■ PROBLEM REQUIREMENTS ■
Reproduce the listing in its entirety. Do not reproduce the pictures.

[[ STORED DATA, beginning ]]

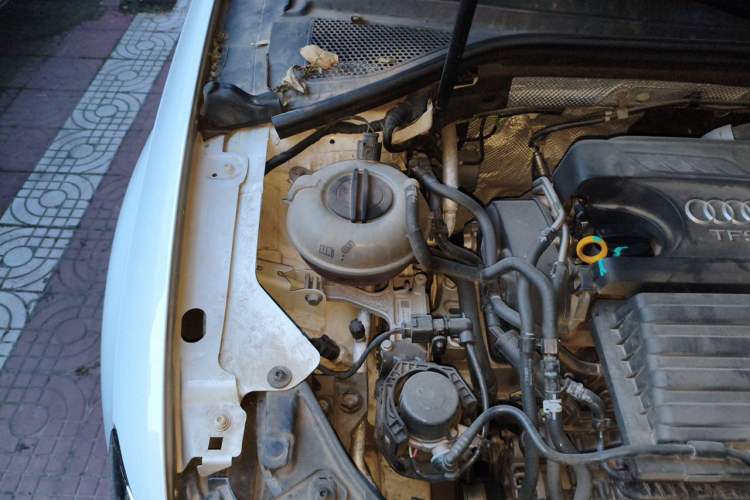 Used Audi A3 2020 Sportback 35 TFSI Ambition China VI Engine Bay Right
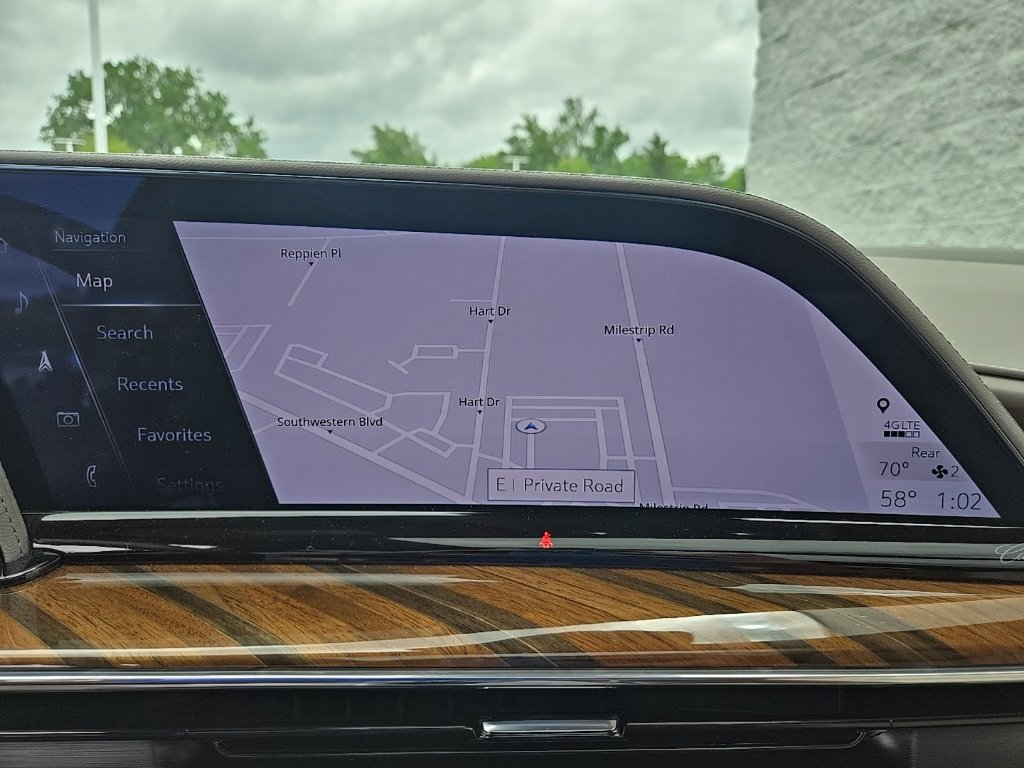 Certified 2024 Cadillac Escalade Sport Platinum w/ LPO, Floor Liner Package AWD/4WD image 26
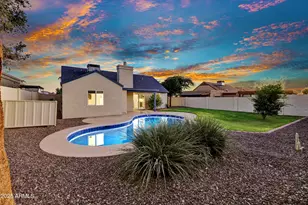 1362 E Wickieup Ln, Phoenix, AZ 85024 - Photo 42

[[ STORED DATA, end ]]

■ OUTPUT ■
 Used Audi A3 2020 Sportback 35 TFSI Ambition China VI Engine Bay Right
 Certified 2024 Cadillac Escalade Sport Platinum w/ LPO, Floor Liner Package AWD/4WD image 26
 1362 E Wickieup Ln, Phoenix, AZ 85024 - Photo 42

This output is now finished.